Le più classiche pratiche di investigazione privata consistono nel pedinamento e nell’intercettazione telefonica. Entrambe queste attività, però, se compiute da privati, incontrano particolari limiti, superati i quali i soggetti che le pongono in essere rischiano di essere incriminati e di non poter poi utilizzare in giudizio le prove raccolte a proprio favore.
Per quanto riguarda il pedinamento, nel nostro ordinamento questo non è vietato dalla legge, a condizione che non si crei nella persona pedinata una condizione di turbamento e timore per la propria sicurezza. In questo caso, il pedinamento può sfociare in molestia e, in quanto tale, risulta punibile ai sensi dell’art. 660 c.p.

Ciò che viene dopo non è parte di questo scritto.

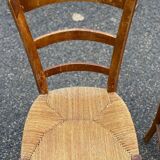 2 solid wood and straw dining chairs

La giurisprudenza ha assimilato al pedinamento anche la pratica di seguire gli spostamenti di una persona tramite GPS. Secondo la Cassazione, infatti, l’utilizzo del GPS non è equiparabile all’intercettazione, che è considerata un‘attività investigativa tipica (infatti disciplinata dagli artt. 266 ss. c.p.p.), ma consiste piuttosto in un’attività atipica, come nel caso del pedinamento.
Le agenzie di investigazione, invece, sono state espressamente autorizzate dal D.M. 01.12.2010 n. 269 ad effettuare attività di osservazione statica (pedinamento) e di controllo dinamico, anche a mezzo di strumenti elettronici quali i localizzatori satellitari GPS.
L’uso di questi sistemi è quindi legittimo, a condizione che il loro scopo sia quello di tutela e difesa di diritti individuali fondamentali e che risultino indispensabili per lo svolgimento dell’attività investigativa.
Per quanto riguarda le intercettazioni telefoniche, queste sono consentite dalla legge solo se chi intercetta è parte attiva nel dialogo intercettato; perciò è considerato illecito intercettare dialoghi di terzi, in quanto costituisce violazione della privacy altrui.